Apart from the pictures, print the data below exactly as given.

## Material provided
============================================================
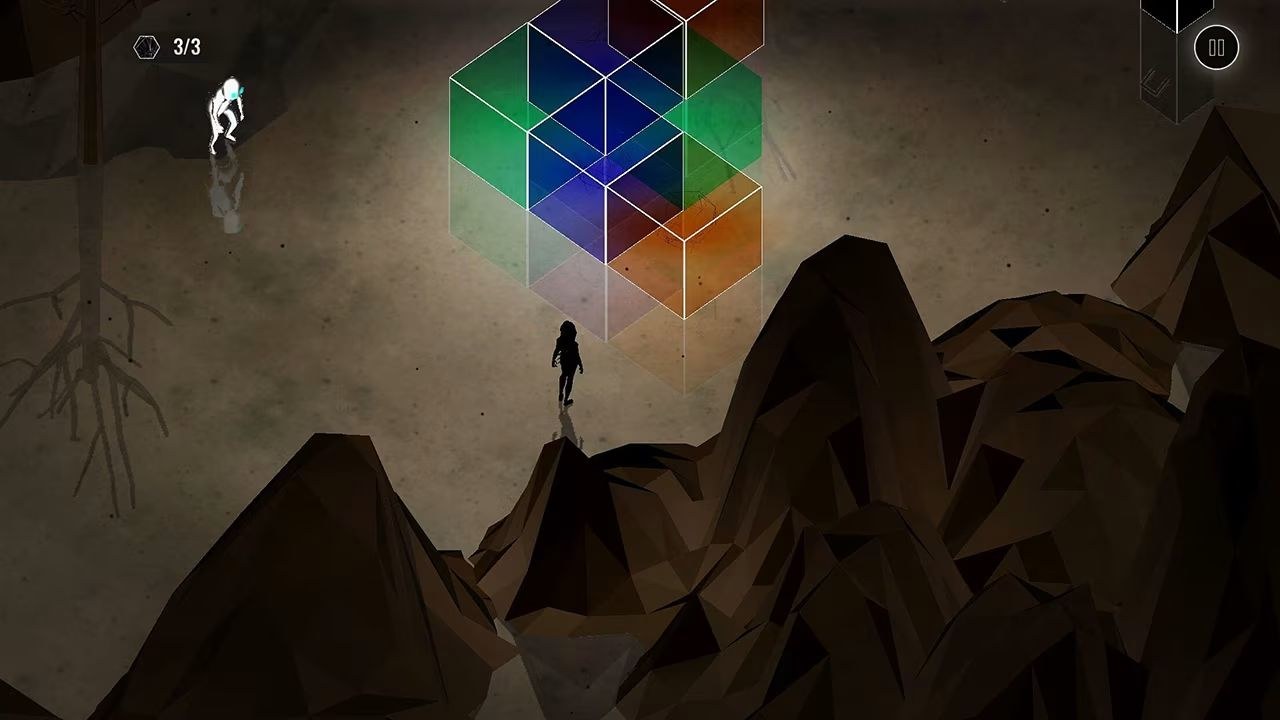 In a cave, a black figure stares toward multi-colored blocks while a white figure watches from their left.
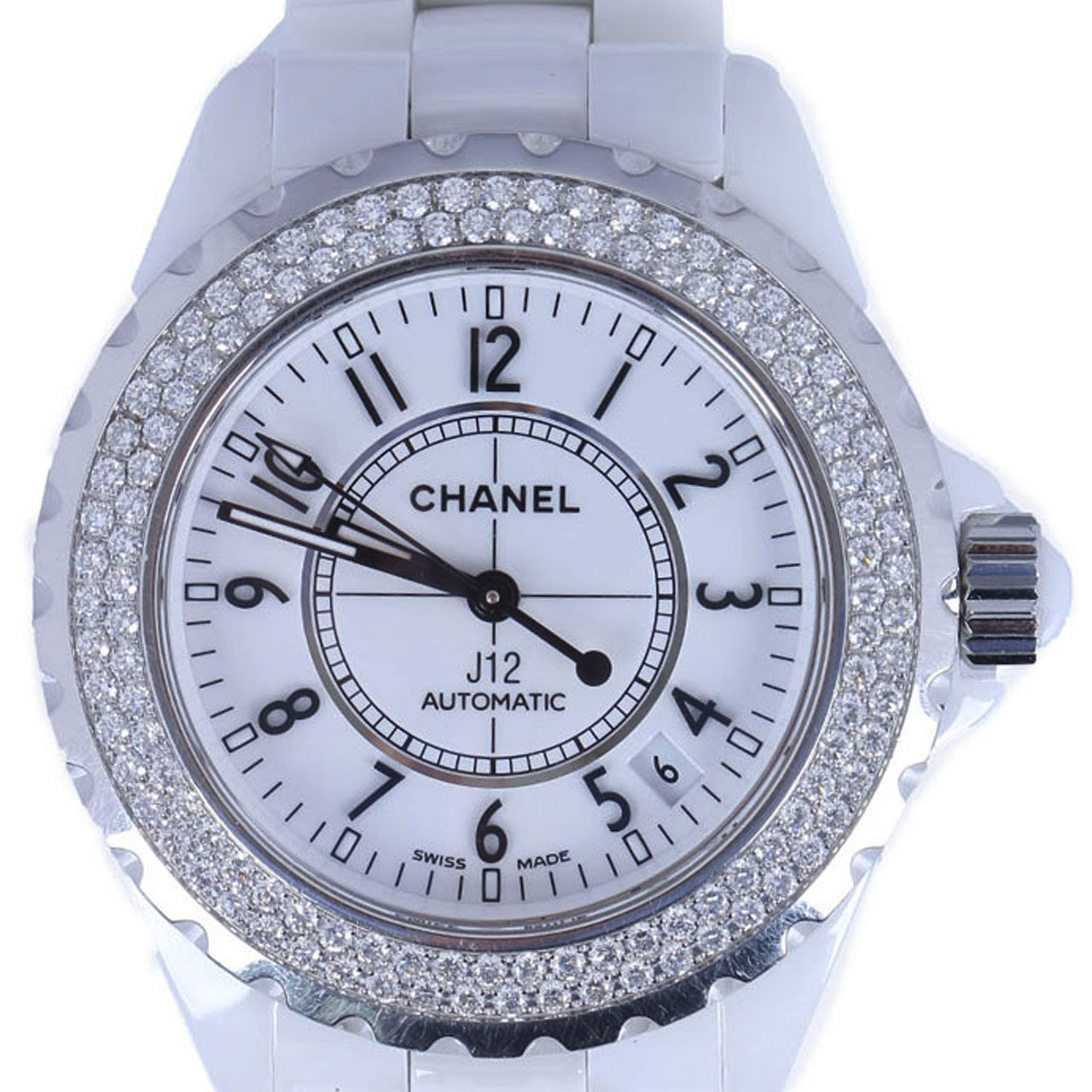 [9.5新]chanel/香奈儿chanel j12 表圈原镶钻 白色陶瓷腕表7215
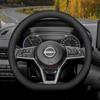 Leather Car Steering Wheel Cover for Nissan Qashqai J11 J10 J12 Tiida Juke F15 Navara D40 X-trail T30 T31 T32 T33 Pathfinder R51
============================================================
## Solution below
 In a cave, a black figure stares toward multi-colored blocks while a white figure watches from their left.
 [9.5新]chanel/香奈儿chanel j12 表圈原镶钻 白色陶瓷腕表7215
 Leather Car Steering Wheel Cover for Nissan Qashqai J11 J10 J12 Tiida Juke F15 Navara D40 X-trail T30 T31 T32 T33 Pathfinder R51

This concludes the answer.